Machines on the other hand, can not be just be designed to have all those similar things like any normal humans can do. Years of research have been devoted to this, and many new advanced developments have emerged within just the last few years.

The invention of new algorithms, new optimization methods, new hardware are accelerating in this area of study with many potential practical applications. Illustration-1 shows the output of prediction of 4 images using certain algorithms. Those input images are recognized as dogs or cats, based on previously trained-model in deep learning, with 97.81% and 98.00% accuracy for Training & Validation data set, respectively.
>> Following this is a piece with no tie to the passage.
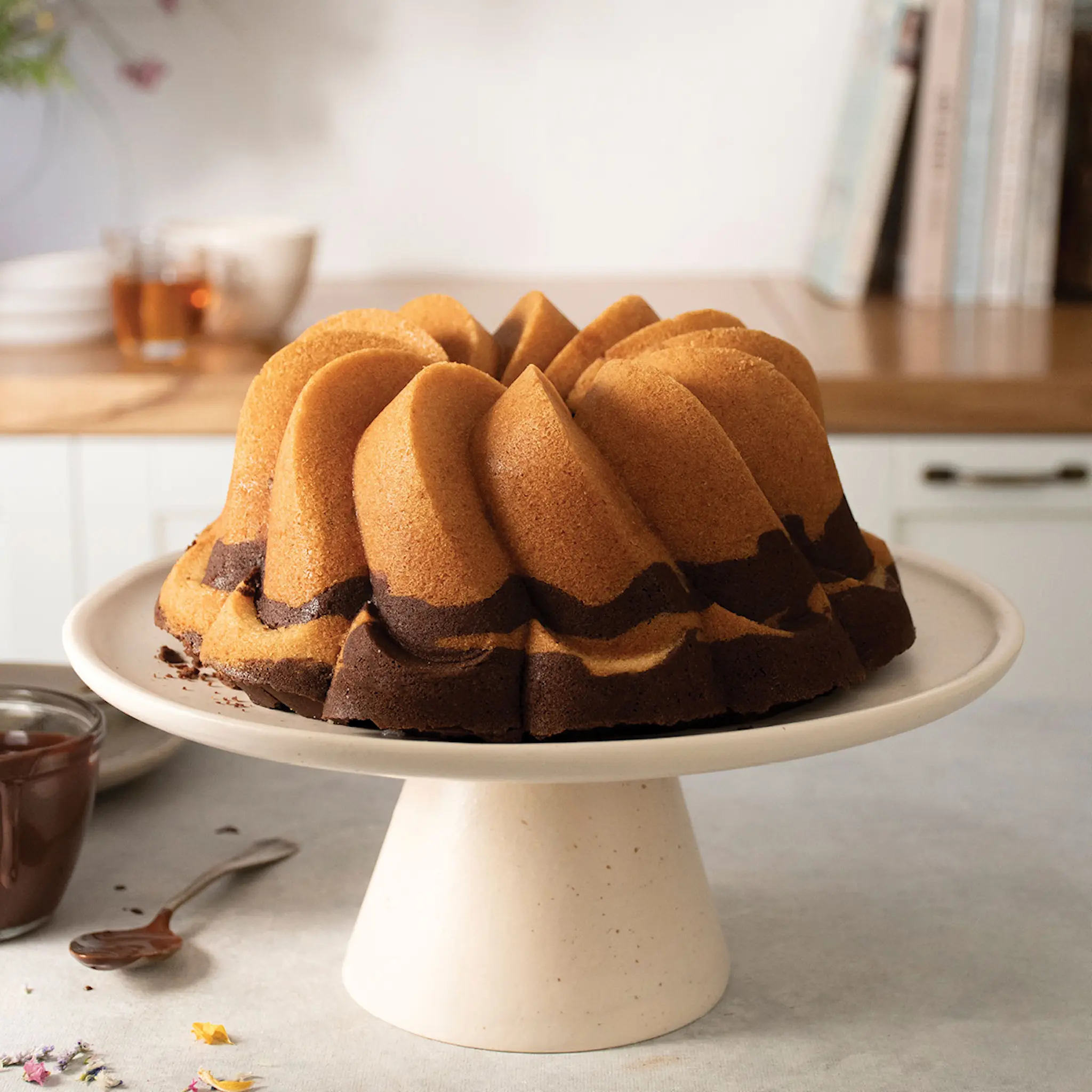 Nordic Ware Pirouette Bundt® Bakform 2,4 L Guld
The notable breakthrough of advancement in the field of computer vision using deep learning was in 2012 when an algorithm called Convolutional Neural Network (a.k.a. CNN) won the ImageNet competition “Image Classification challenge” by achieving error rate of 16.4%, significantly improved from 2011’s result which was at 25.8% (Fei Fei Li, Justin Johnson & Serena Young, CS231n lecture on Computer Vision @Stanford University in April 2017).

It was also mentioned that the subsequent results in 2013, 2014 and 2015 were at 11.7%, 6.7%, and 3.57% respectively. The 2015 ImageNet’s result has surpassed human expert (Stanford’s Ph.D student) that could achieve it at 5.1%.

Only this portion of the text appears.